DATA EXTRACTS
══════

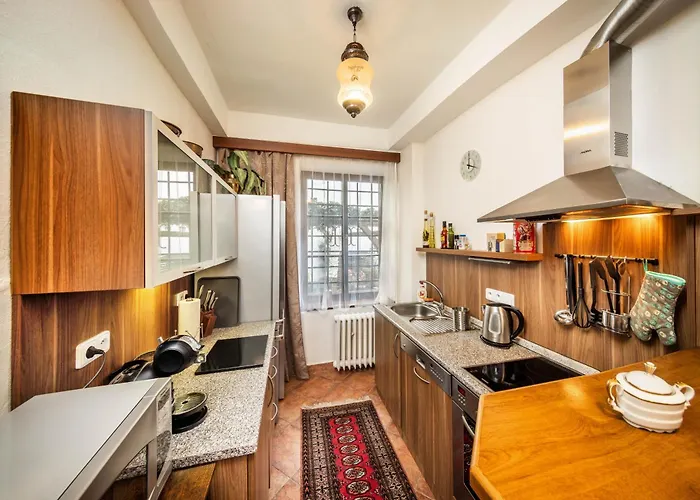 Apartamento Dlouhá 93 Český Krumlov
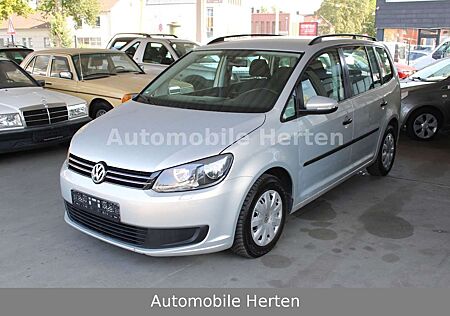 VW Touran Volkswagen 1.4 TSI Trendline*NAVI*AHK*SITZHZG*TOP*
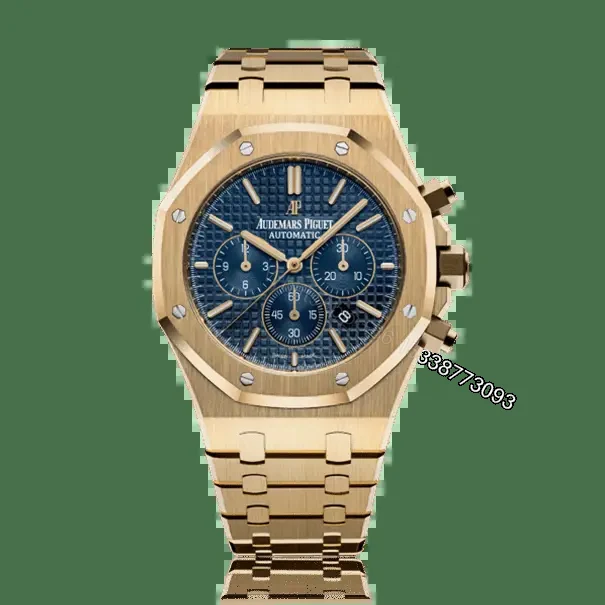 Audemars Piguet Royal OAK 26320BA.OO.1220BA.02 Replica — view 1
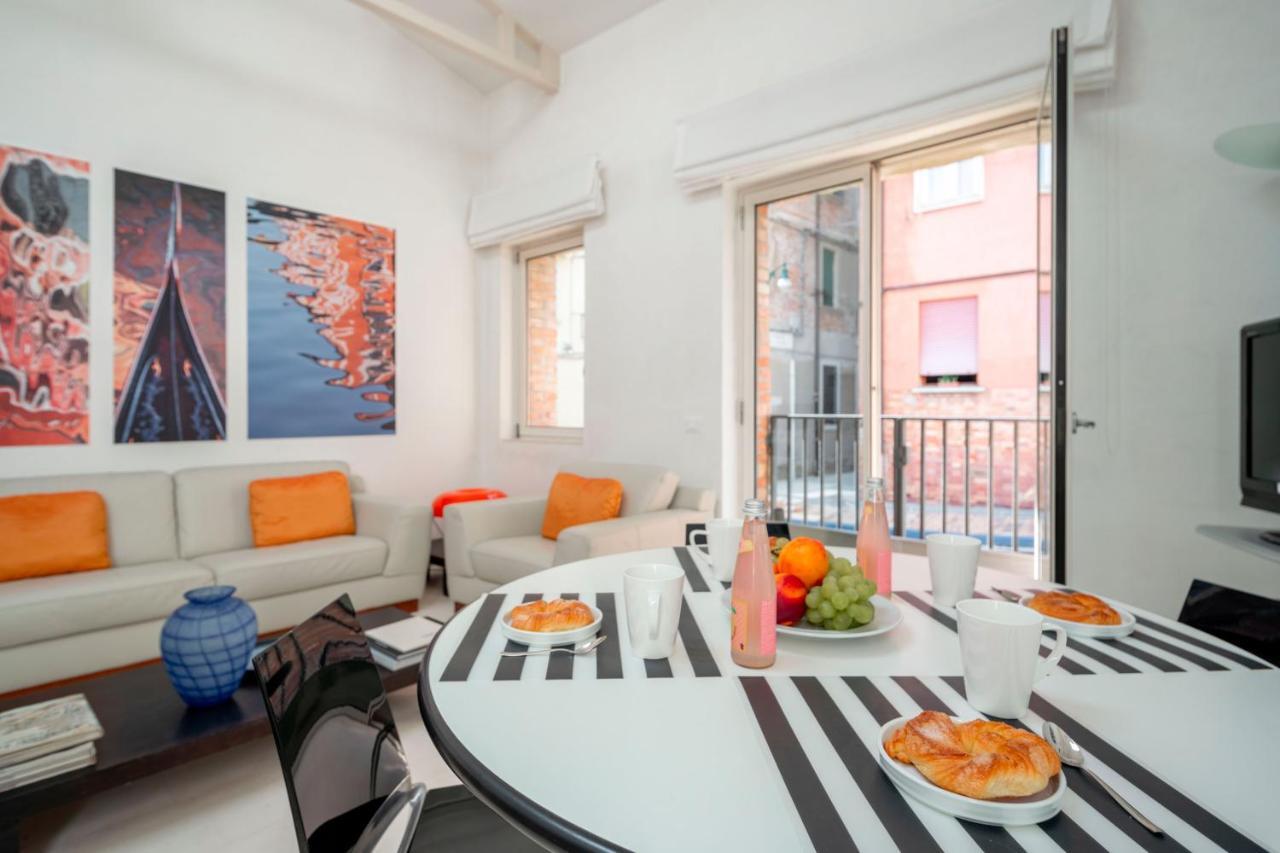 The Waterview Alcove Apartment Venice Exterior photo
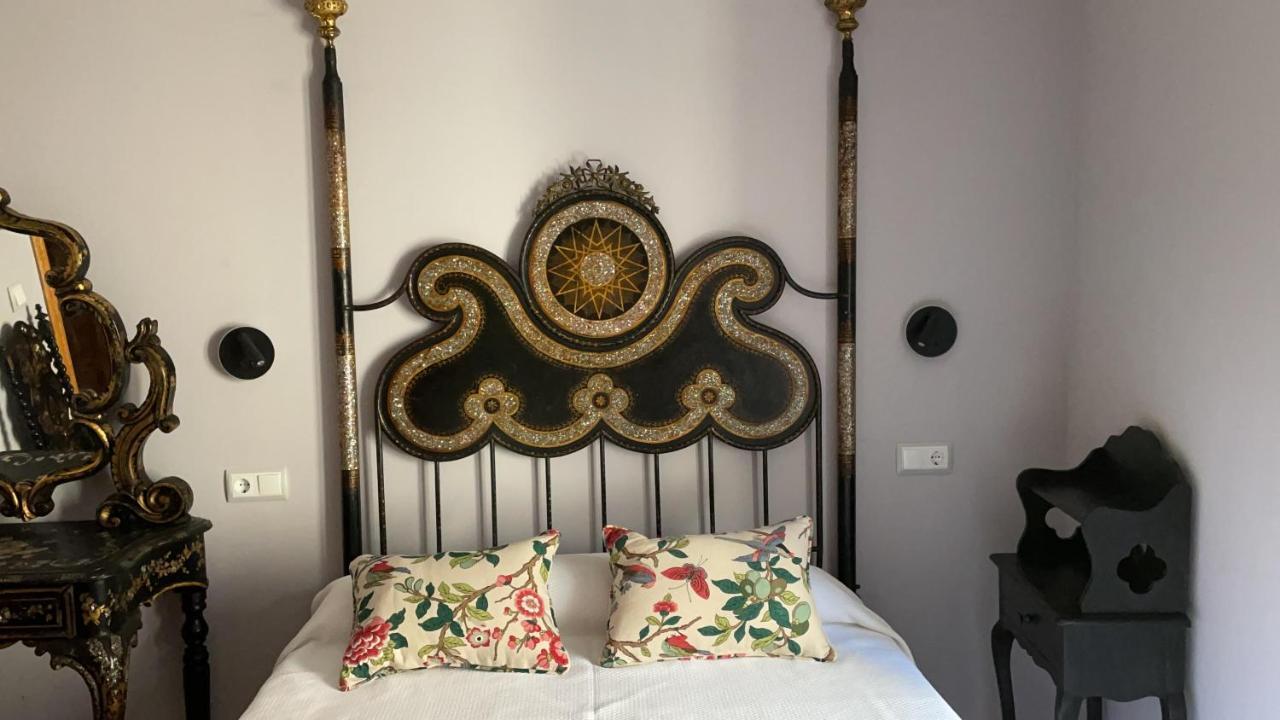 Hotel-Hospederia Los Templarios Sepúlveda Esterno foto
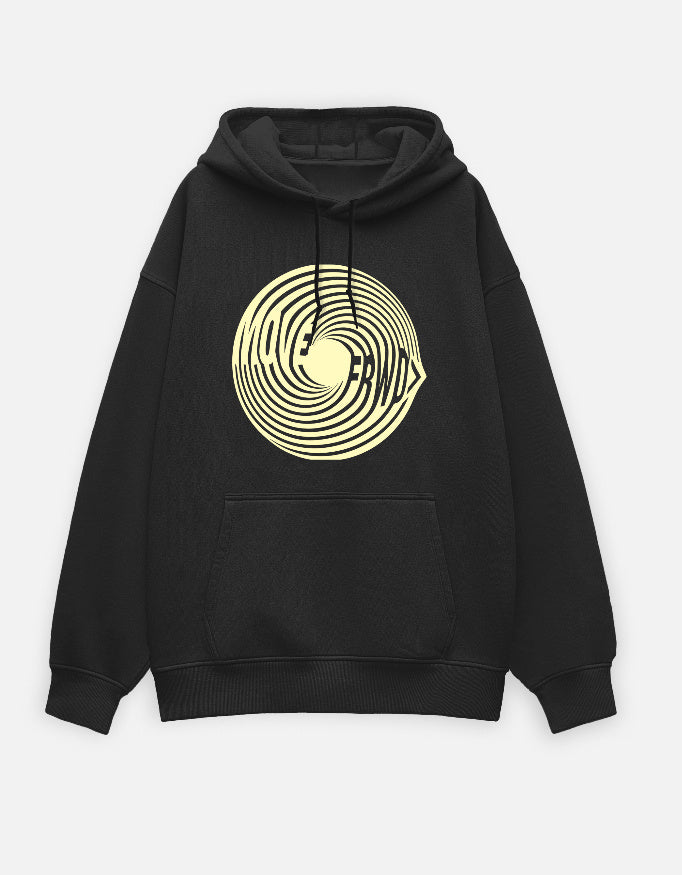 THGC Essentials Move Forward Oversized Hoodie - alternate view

══════

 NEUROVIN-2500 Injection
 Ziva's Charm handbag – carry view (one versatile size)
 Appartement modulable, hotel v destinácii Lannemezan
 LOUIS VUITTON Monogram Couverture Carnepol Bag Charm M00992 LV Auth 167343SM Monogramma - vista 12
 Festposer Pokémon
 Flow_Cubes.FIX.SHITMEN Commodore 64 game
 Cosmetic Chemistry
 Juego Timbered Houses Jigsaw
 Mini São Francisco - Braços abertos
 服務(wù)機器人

══════

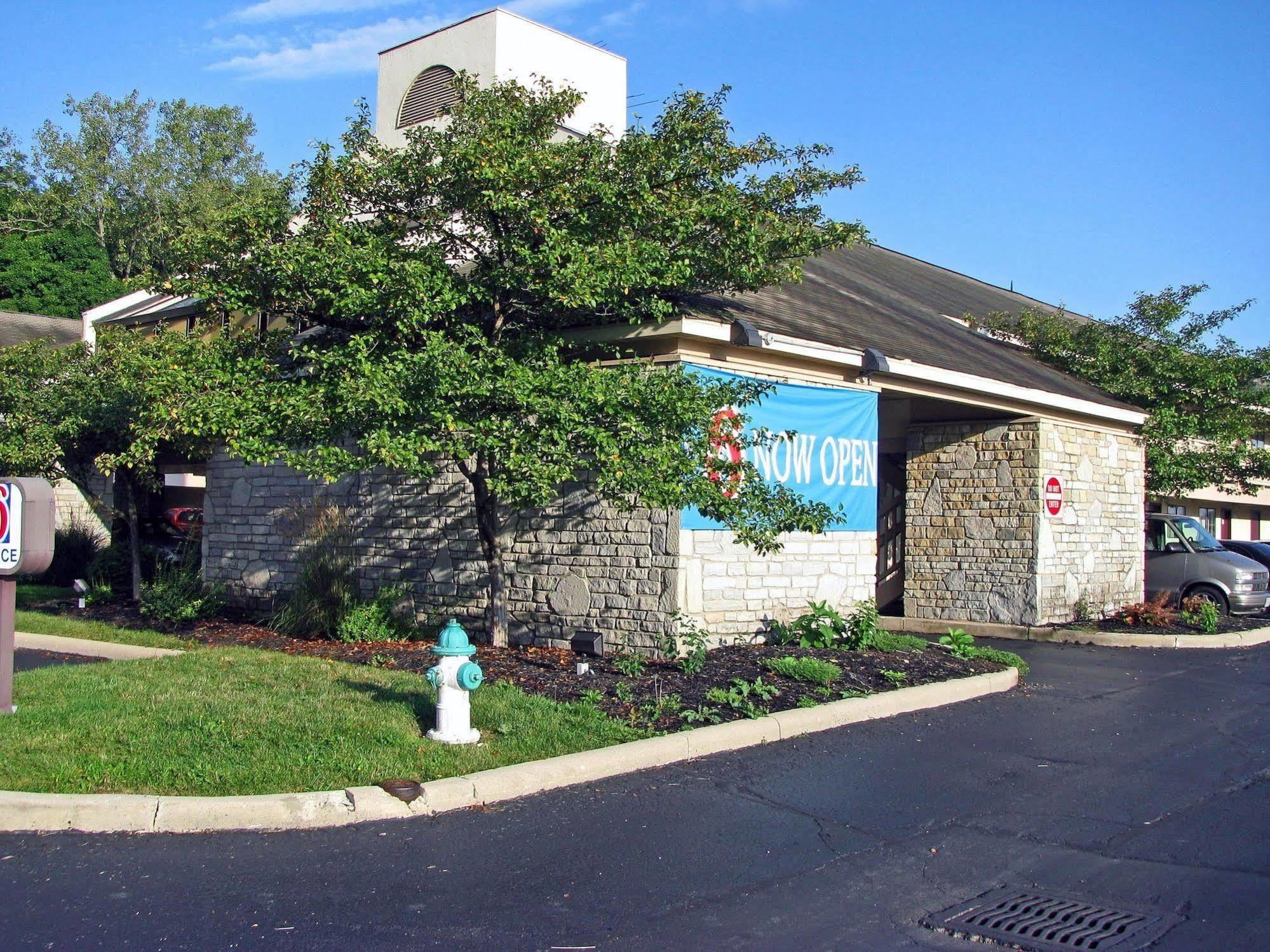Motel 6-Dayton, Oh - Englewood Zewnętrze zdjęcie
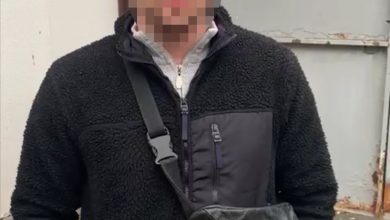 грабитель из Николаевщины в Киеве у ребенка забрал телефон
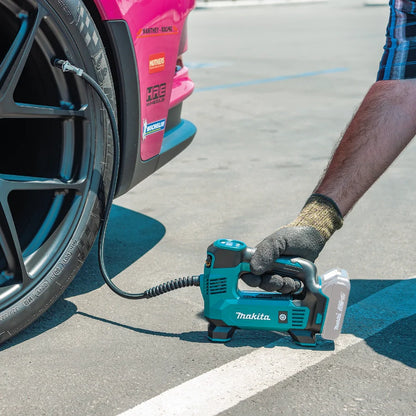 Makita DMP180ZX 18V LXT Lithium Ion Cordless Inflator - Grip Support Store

══════

After counting the lines above that include the word "Charm", give only the number.

2